Herhaling.

Hoe de dingen van A naar B gaan. Wortels, wegen, bloedsomloop. Vooral in de winter denk ik daar vaak aan. Aan de schoonheid van zo’n systeem. Hoe het zich herhaalt in allerlei gedaanten.

Dat komt door de winterbomen. Die zo mooi afsteken tegen de lucht. En vandaag zag ik er één op een knalrode auto, die kan je niet voorbij laten gaan natuurlijk.

Sowieso ben ik iemand die steeds op dezelfde onderwerpen terug wil komen. Als een kind zich blijft verbazen over haar eigen voeten. Dus toen ik toch bij die boom stond lag het voor de hand…

| Anneke |08-02-2006 | 13 reacties |




O, en dan nog es wat.


Er is Post uit Canada.


(Ojee!
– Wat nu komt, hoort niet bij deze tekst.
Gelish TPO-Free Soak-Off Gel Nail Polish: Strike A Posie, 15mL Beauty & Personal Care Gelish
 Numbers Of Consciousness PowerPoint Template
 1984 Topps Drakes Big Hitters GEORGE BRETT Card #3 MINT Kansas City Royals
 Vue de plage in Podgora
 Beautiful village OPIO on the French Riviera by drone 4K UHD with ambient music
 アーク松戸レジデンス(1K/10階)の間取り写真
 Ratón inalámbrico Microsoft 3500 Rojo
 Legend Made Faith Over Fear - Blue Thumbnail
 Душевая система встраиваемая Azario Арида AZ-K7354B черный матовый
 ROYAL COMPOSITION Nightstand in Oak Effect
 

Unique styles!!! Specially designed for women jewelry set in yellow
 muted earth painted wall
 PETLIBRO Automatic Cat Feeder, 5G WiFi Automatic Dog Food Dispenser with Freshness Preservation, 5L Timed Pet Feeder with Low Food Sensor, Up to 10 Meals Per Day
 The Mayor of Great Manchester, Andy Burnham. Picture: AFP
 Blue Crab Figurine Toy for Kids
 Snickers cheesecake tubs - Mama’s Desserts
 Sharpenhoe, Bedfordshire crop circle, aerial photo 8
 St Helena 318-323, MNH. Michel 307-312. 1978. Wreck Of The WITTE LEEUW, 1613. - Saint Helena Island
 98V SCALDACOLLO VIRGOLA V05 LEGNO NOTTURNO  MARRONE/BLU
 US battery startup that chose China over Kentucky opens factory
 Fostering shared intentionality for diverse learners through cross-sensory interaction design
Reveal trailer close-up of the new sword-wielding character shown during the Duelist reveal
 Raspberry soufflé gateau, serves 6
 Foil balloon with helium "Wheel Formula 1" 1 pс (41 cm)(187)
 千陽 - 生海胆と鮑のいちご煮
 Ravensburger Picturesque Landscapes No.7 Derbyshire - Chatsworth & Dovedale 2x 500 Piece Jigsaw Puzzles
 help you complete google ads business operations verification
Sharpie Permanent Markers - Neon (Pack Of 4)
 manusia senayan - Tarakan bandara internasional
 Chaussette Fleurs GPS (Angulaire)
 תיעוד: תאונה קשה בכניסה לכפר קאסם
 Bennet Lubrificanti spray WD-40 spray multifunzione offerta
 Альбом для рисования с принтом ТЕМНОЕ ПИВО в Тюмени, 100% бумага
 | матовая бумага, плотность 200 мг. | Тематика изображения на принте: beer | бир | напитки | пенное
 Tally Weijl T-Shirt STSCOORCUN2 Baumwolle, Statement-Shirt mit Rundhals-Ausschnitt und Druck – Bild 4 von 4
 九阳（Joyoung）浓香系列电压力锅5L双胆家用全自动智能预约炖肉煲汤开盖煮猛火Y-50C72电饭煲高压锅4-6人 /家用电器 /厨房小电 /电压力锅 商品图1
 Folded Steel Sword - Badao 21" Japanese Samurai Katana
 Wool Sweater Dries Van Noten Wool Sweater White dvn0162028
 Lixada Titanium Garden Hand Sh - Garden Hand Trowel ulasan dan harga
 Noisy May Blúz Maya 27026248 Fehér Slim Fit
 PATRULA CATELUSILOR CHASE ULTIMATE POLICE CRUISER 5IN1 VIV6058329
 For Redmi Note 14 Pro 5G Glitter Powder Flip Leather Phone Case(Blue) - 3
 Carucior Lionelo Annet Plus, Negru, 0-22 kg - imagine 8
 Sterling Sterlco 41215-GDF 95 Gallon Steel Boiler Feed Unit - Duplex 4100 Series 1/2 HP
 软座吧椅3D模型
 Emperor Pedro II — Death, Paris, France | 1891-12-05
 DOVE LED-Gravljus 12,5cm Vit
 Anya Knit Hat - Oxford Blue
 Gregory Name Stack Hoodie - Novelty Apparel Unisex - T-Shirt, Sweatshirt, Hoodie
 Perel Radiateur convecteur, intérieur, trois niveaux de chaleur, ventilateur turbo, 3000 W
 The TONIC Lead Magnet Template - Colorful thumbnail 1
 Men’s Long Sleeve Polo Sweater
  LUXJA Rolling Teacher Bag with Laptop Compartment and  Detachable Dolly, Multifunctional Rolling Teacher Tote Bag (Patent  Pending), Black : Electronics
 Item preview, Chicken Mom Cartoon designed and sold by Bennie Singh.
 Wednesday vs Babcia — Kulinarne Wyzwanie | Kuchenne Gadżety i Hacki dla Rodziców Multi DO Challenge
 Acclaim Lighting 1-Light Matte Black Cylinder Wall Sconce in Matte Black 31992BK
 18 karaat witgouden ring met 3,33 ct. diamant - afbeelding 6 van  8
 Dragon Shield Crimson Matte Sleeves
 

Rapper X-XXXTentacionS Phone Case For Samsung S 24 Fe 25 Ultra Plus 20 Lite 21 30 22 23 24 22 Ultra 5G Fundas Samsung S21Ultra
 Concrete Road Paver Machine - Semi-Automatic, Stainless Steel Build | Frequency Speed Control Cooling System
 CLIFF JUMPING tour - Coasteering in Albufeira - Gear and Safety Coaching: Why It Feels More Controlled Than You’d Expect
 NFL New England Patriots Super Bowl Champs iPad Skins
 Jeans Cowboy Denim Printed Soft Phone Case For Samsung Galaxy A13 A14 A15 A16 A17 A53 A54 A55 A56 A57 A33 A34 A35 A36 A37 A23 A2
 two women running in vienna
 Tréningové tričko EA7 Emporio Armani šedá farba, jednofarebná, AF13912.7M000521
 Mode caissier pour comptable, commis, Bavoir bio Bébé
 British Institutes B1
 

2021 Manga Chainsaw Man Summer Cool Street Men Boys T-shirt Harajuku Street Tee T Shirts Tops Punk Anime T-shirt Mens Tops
Er staat maar één zin. Eigenlijk een halve. Daar kan ik helemaal niet tegen. Dat een bericht hier maar zo kort is. Zelfs niet als het doorverwijst naar een hele leuke pagina met tekst en plaatjes ook erbij enzo. Dan heb ik toch het gevoel dat ik iedereen een beetje voor Piet Snot hierheen laat komen. Dat de mensen zullen zeggen, ja hee Zeekomkommert, dat gaat zomaar niet. Ons voor een halve zin hier laten komen. Weet je wel niet hoe kostbaar onze tijd is. Hoeveel wij te doen hebben op zo een doordeweekse zaterdag. En dat ik dan in de commentaren finaal in mootjes gehakt wordt door de goegemeente en weblogland uitgejaagd en dat ik nooit meer terug mag komen. Net als Donald Duck vroeger, en daar had ik toch altijd al zo’n medelijden mee. Dus je snapt. Maar nu heb ik het toch maar mooi gedaan. Een halve zin! Ha!)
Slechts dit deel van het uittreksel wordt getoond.